JAKARTA—-Ekonom dari Institute for Development of Ecomonics and Finance (INDEF) Faisal Basri menyebutkan, Indonesia saat ini menjadi pengimpor gula terbesar di dunia. Padahal pada masa penjajahan Hindia Belanda Indonesia menjadi pengekspor gula nomor satu didunia.
“Kini Indonesia berada di atas Amerika serikat dan China. Padahal sebelumnya kita di bawah merekasebagai pengimpor gula,” tutur Faisal dalam konferensi pers INDEF bertajuk Manisnya Rente Impor Gula di Jakarta, Senin (14/1/2019).
Data Biro Pusat Statisik menunjukkan pada Januari-November 2018, impor gula mencapai 4,6 juta ton atau senilai USD 1,66 miliar. Angka ini meningkat dibanding Januari-November 2017 sebesar 4,48 juta ton.Sedangkan data Departemen Pertanian AS (USDA) dalam Statista menggambarkan impor gula Indonesia terbesar di dunia, mencapai 4,45 juta metrik ton pada 2017-2018.
“Impor 4,6 juta ton (2018) kebutuhan hanya 3 juta ton, selebihnya? Mengalir ke pasar untuk gula konsumsi. Pemerintah menggunakan untuk stabilitas harga di pasar, padahal sebelumnya pemerintah mengatakan, gula rafinasi tidak boleh dipasarkan karena tidak baik bagi kesehatan, sekarang pemerintah pakai gula rafinasi untuk stabilisasi harga,” tutur staf pengajar Fakultas Ekonomi UI ini.
Dengan dalih untuk melindungi produsen gula dalam negeri, Pemerintah membedakan antara Gula Kristal Rafinasi (GKR) untuk industri dan Gula Kristal Putih (GKP) untuk dikonsumsi masyarakat. Sedianya impor gula hanya untuk pemenuhan GKR, namun dalam perkembangannya GKR juga digunakan untuk instrumen stabilisasi harga gula konsumen.
Sehubungan dengan hal ini nenurut Faisal lagi impor gula ini seharusnya bisa dihentikan dengan peningkatan produksi gula rafinasi di dalam negeri. Sayangnya pemerintah seperti sengaja menghambat peningkatan produksi gula di dalam negeri.
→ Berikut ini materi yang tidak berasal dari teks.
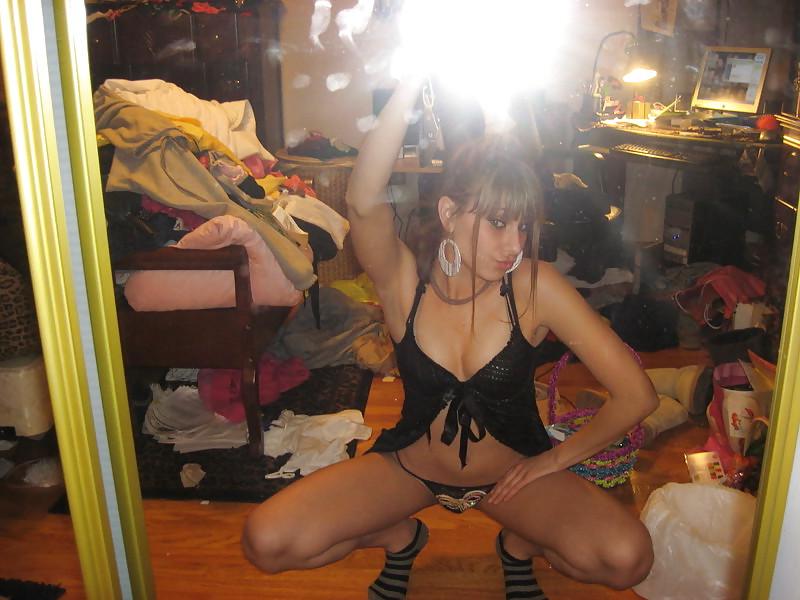 25P Young cheerleader flashing pussy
Pemerintah member izin pendirian pabrik gula di daerah yang tidak mungkin ada tanaman tebu, seperti Cilegon, Banten dan Deli Serdang dan Makassar.
“Inilah kacaunya pemerintah, jadi sepenuhnya bisa dikatakan gula rafinasi ini stempel untuk berburu rente, menikmati selisih yang sangat besar antara gula Indonesia dan gula dunia,” tutur Faisal, seraya menyebutkan setelah dihitung harga produksi harga gula di dunia adalah Rp7.352 per kilogram dan Harga Eceran Tertinggi di Indonesia Rp12.500.
Kebijakan pemerintah ini selain berakibat merugikan petani karena pedagang tidak mau membeli gula dari petani, sebab stok gula menjadi berlebih. Yang mendapatkan pahitnya adalah petan.
“Pemerintah dalam hal ini jangan percaya dengan perusahaan yang diikutsertakan dalam kebijakan gula, terutama dalam soal ketersediaan gula. Stok di pedagang sedikit tetapi stok di pabrik besar,” kata dia.
Lanjut Faisal lagi, harusnya yang dilakukan oleh pemangku kebijakan ialah melakukan restrukrisasi pabrik gula, karena pabrik gula di Indonesia sudah berumur puluhan tahun bahkan ada yang lebih dari seratus tahun.
Selain itu perlu integrasi antara pabrik gula dengan lahan tebu. Perusahaan yang diberikan lisensi untuk mengimpor mendirikan pabrik gula, tetapi tidak ada lahan tebu sekitarnya.
“Kita harus perangi pemburu rente menikmati tanpa berkeringat, free rider, penunggang percuma, itu yang harus kita perangi,” pungkasnya (Irvan Sjafari).